A mission trip helps you experience life from a different perspective. People in other cultures have traditions, customs, and beliefs that are just as important to them as ours are to us. They think and act differently than we do. You eat their foods, do things their way, and learn from the people you serve. At a school in a Nairobi slum, three-year-olds through eighth graders all received a tin plate with a large scoop of beans, corn, and ugali. The children laughed and talked as they ate their lunch. Not a single bean was left on any plate. Later, I learned that most of those children wouldn't eat again until they were at school the next day.

A mission trip shows you the depth of people's needs and God's heart of compassion. Every mission trip exposes team members to poverty, sickness, and suffering. It wakes us up to the harsh realities of life throughout the world. It helps us discover the difference between wants and basic needs. When my daughter returned from a mission trip to the Ukraine she said, "I gave my clothes to girls who only had one shirt or skirt." At home, she carefully sorted through everything she owned and gave most of it away. "I don't need these things," she explained, "but I can give them to others who do."

A mission trip helps your faith grow stronger. You're in a different culture. You're outside of your comfort zone. You don't speak the language well. These are opportunities to depend on God. On a mission trip, you are not in charge. You cannot 'fix' situations. At times you feel helpless. You, like your children, have to adjust to changes and disappointments. Your children see that you need to trust God too.

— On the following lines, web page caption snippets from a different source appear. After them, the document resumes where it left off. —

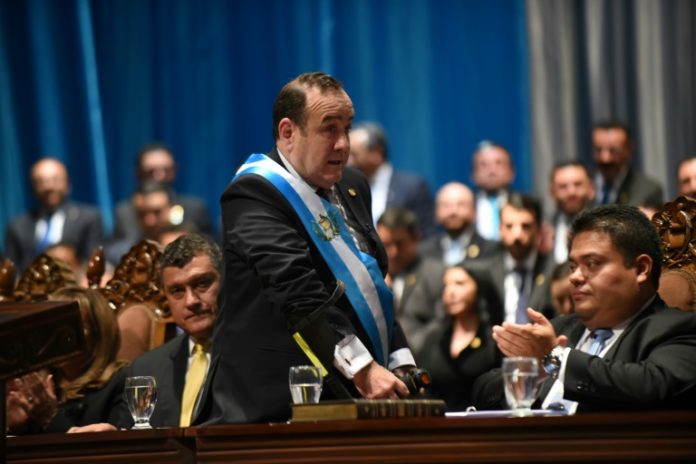 Giammattei asume presidencia de Guatemala con promesas de atacar pobreza y corrupción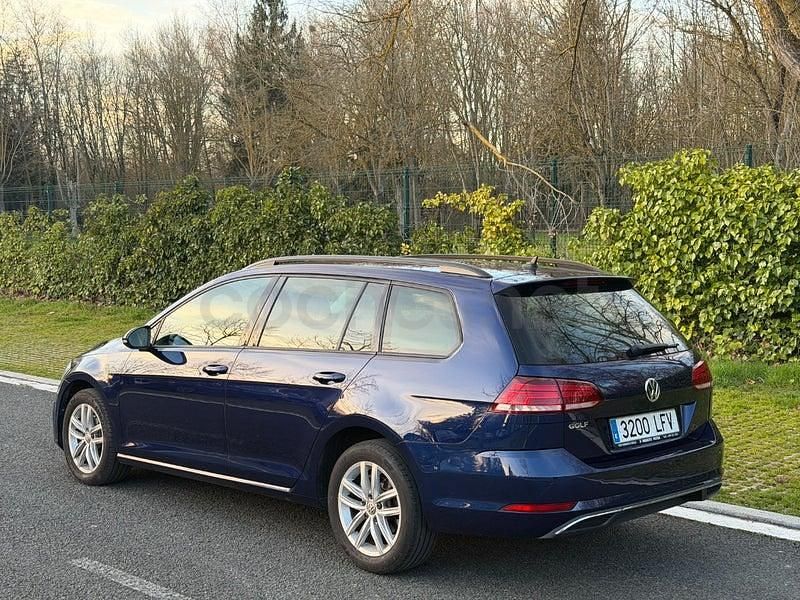 Usado VW Golf VII Advance 115 CV (84 kW) 2020 Azul Familiar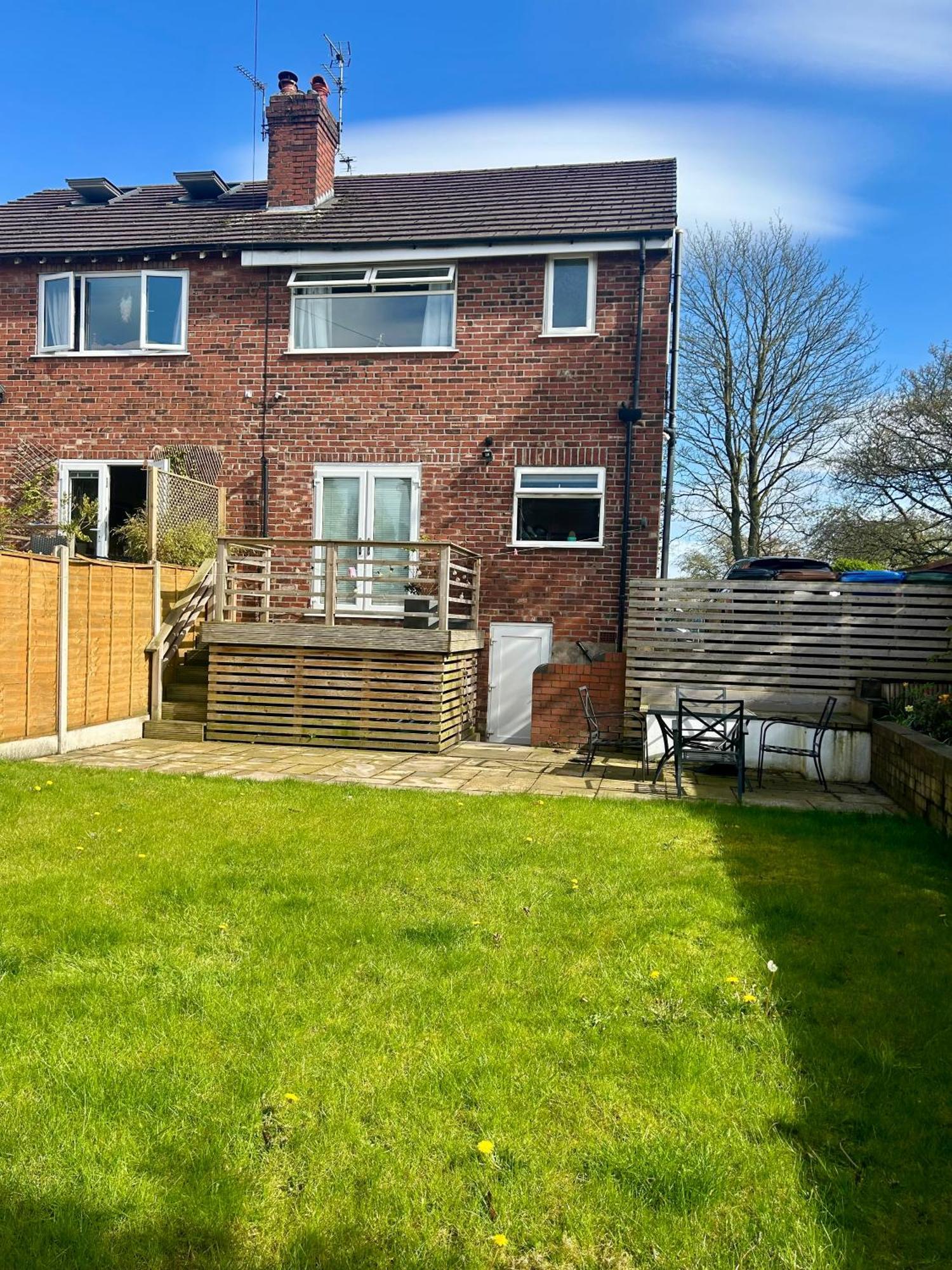 Lovely, Large Double Bedroom With Park View In Home Hazel Grove Bagian luar foto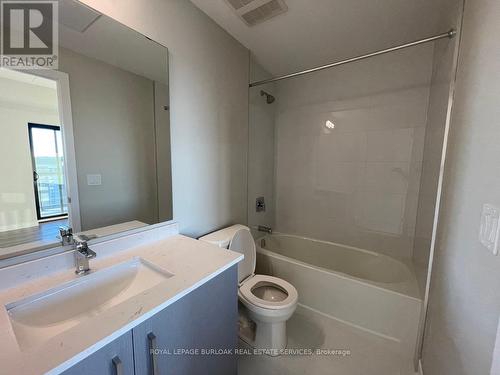 1614 - 15 Queen Street S, Hamilton, ON - Indoor Photo Showing Bathroom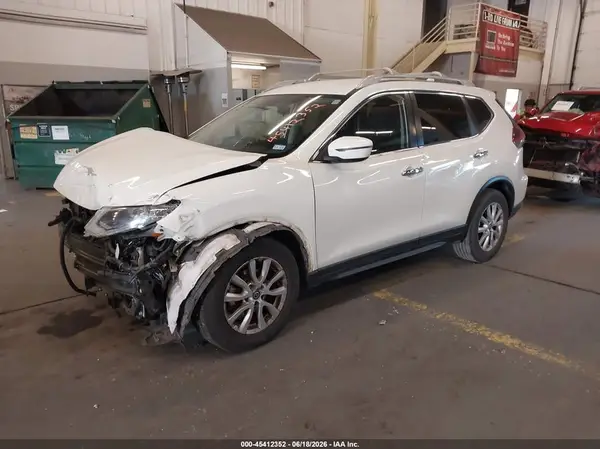 5N1AT2MT5KC703439 2019 NISSAN ROGUE - Image 2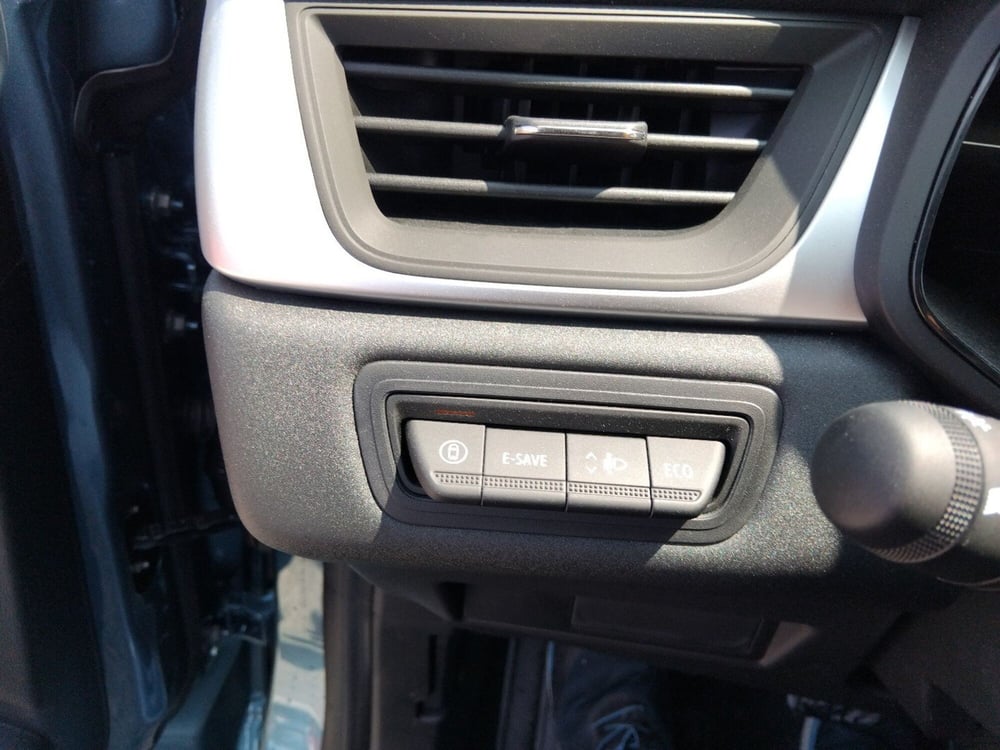 Renault Symbioz nuova a Roma (14)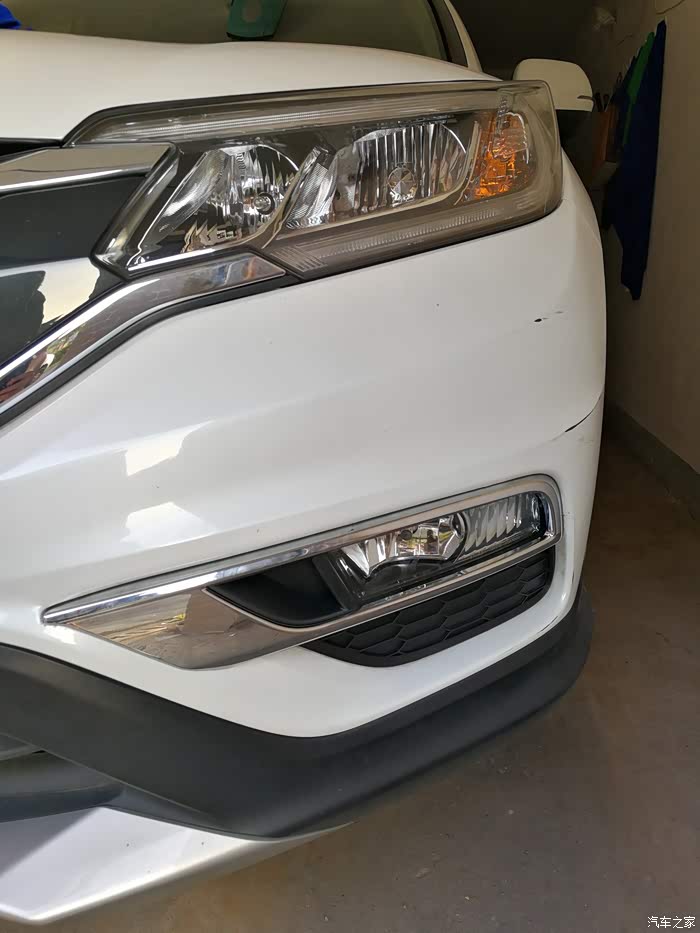 自己更换本田crv雾灯罩详细教程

A family mission trip gives you opportunities to release your children to God. On our Mexico trip, I thought I would be like a mother hen looking after her chicks. Not so. My eleven-year-old son stayed in the men's building down the hill from the rest of our family. My children asked to be on three different Bible distribution teams. I sensed God saying, "Let them go." That was hard for me. Each one came back telling stories of how God had touched people's hearts through their team.

A mission trip teaches things you can't learn in the same way at home. Imagine you are thirteen, attending a Christian school in a Nairobi slum. You and your family live in one room, the size of your bathroom. There is no running water. Your parents are unemployed. You eat two meals a day, both at school. You live next to an enormous garbage dump. How would you answer the question: "What are you thankful for?" I asked the seventh graders at that school. They answered: I'm thankful that my family takes good care of me; that God made me; that I can come to school and get a good education; for our visitors (our mission team); that Jesus died on the cross for me; that I have a good life. We learned much about thankfulness from those children that day.

A mission trip gives your family a common experience with lifelong memories you will all treasure. It's been twelve years since our family mission trip to Mexico. During the past five years, my young adults have gone on mission trips to Ukraine, Japan, Kyrgyzstan, Mexico, Kenya, and China. I just returned from my first overseas mission trip. My favorite mission trip is still our family one. Why? Because together we experienced God's presence, power, and love in another culture. God used that mission trip to shape our family.

Go ahead. Take the plunge. Start praying and planning now. Your family will be changed forever!